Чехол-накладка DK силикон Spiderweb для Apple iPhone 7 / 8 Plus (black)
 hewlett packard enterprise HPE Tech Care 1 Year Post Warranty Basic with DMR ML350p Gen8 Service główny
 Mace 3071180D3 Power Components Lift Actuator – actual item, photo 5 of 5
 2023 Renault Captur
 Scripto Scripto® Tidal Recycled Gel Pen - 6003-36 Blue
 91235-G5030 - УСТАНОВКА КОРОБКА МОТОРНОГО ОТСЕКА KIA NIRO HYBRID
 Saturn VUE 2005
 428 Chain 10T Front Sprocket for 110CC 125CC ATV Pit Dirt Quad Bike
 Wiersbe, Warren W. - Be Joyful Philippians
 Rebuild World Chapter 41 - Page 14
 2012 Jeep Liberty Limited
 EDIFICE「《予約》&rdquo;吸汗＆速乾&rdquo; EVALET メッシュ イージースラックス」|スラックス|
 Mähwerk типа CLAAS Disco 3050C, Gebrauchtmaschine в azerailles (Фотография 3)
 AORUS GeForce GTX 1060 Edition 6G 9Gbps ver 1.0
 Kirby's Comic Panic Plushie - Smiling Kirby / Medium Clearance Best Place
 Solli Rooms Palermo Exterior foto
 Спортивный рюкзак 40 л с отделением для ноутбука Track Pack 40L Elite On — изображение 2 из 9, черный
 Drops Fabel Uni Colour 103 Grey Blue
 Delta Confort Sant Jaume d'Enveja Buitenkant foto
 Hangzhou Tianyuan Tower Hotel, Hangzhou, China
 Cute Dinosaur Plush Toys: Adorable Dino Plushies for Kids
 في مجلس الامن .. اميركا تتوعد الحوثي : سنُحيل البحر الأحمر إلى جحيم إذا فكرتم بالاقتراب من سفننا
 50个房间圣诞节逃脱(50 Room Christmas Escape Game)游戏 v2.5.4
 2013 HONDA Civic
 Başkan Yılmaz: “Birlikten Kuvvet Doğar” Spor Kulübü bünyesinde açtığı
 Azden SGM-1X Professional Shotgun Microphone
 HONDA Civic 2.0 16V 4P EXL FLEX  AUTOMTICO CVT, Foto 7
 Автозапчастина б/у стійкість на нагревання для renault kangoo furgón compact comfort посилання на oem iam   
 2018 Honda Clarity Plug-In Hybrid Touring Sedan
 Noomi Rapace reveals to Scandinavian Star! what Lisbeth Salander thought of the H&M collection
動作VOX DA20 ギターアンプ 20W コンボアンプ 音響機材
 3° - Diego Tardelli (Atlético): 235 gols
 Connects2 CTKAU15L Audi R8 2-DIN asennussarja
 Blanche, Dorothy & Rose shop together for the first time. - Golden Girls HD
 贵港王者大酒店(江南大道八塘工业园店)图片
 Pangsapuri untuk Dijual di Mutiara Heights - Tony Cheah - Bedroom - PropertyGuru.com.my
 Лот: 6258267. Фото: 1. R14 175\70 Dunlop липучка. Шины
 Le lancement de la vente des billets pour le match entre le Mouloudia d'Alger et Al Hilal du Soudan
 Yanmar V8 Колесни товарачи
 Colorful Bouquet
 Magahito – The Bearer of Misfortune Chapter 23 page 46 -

■ WHAT IS EXPECTED
Your output should be the listing's lines, exact and complete, from its first line to the line that contains "2023 Renault Captur", inclusive.

■ SOLUTION TO THE EXERCISE
Чехол-накладка DK силикон Spiderweb для Apple iPhone 7 / 8 Plus (black)
 hewlett packard enterprise HPE Tech Care 1 Year Post Warranty Basic with DMR ML350p Gen8 Service główny
 Mace 3071180D3 Power Components Lift Actuator – actual item, photo 5 of 5
 2023 Renault Captur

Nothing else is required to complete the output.